Hope and peace came to solace me in my perturbation, and I arose from my devotions refreshed and strong.

A figure glided past me through an opening, and hid behind some clumps of lilac. I hurriedly sought out the intruder, and found that my very reliable servant had been spying out my movements.

"Nanette! what are you doing here?"

"Indeed, ma'am, I'll leave your house this very night! A woman who meets respectable men out at night to talk about babies they had before marriage ain't fit company for a young woman who has a character to sustain. I will go right straight to Mrs. Armstrong and get a place, and when I tell her what I've seen to-night there won't be no row! Oh, no!"

"I am ashamed, good reader, to confess to you that I grew angry, but I did. Here was an impudent, ignorant quadroon who had dogged my footsteps to get material for false accusations, and when caught in the disreputable act she had the unblushing audacity to threaten to leave and expose a woman, whom she accused of wickedness, and go to the house or the "respectable" man, whom she adjudged an accomplice, because she had a character to maintain!

I was so indignant that I did not stoop to refute her charges, but I gave her a lesson upon the importance of minding her own business which, if I had only been prudent enough to have said in gentleness, could doubtless have satisfied the girl and made her my fast friend. Better and wiser people than myself have made just such ridiculous mistakes.
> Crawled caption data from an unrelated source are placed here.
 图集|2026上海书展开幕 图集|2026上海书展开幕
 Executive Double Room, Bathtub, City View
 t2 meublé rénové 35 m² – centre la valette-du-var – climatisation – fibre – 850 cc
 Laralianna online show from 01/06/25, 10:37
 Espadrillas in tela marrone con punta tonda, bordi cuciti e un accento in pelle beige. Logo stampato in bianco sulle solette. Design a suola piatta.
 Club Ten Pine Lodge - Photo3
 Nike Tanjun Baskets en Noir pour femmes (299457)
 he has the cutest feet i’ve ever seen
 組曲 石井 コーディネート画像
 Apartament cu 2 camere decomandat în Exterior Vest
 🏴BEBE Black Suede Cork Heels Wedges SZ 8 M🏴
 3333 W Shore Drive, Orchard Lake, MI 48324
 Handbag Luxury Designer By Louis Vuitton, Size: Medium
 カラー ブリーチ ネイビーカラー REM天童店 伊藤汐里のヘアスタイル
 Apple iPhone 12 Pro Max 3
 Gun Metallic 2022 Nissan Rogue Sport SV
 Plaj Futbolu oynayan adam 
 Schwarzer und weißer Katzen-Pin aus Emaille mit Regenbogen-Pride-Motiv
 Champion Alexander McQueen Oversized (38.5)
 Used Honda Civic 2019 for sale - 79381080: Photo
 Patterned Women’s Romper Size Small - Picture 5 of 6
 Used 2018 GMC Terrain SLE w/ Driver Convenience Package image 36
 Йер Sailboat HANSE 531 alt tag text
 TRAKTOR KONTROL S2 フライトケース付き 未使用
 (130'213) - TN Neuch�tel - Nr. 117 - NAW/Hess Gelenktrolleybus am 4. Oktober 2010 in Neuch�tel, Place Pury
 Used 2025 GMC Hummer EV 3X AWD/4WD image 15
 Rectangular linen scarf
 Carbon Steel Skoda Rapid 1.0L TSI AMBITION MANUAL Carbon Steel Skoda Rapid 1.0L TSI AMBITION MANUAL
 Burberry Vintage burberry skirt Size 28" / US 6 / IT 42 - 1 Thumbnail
I would not let her remain with me till morning, but commanded her to pack up and put off in a hurry, which command she obeyed, vowing vengeance in a way that would have seriously disturbed me, had I not been so conscious of my own rectitude and her audacity that I did not care a fig for her falsehoods.

Entering my little parlor I dropped my trembling frame into a chair. Feathery rays of moonlight tangled themselves In the vines and lattice, and strayed through the trailing tendrils of the sleeping morning glories. The hallowed stillness of the night was broken by a screech owl's note, whose warning carried me, as if by magic, away through the long, dead years, hack to the forest of the long ago, where the same sound had jarred me. Clasping my hands tightly over my throbbing temples, I leaned back in the chair and sat there thinking, thinking, thinking.

A darkness that could be felt encompassed me; magnetic chills ran through my veins; a mellow light gradually acquired form and substance, and a benevolent face, with long, white beard and beaming eyes, stood out in bold relief.

"A soft answer turneth away wrath, but grevious words stir up anger."

These were the words I heard, and while I looked and listened the figure vanished, the bright light and inky darkness disappeared, and in my soul, as in the olden time, the sweet and solemn promise, "I'll explain," attuned itself to melody.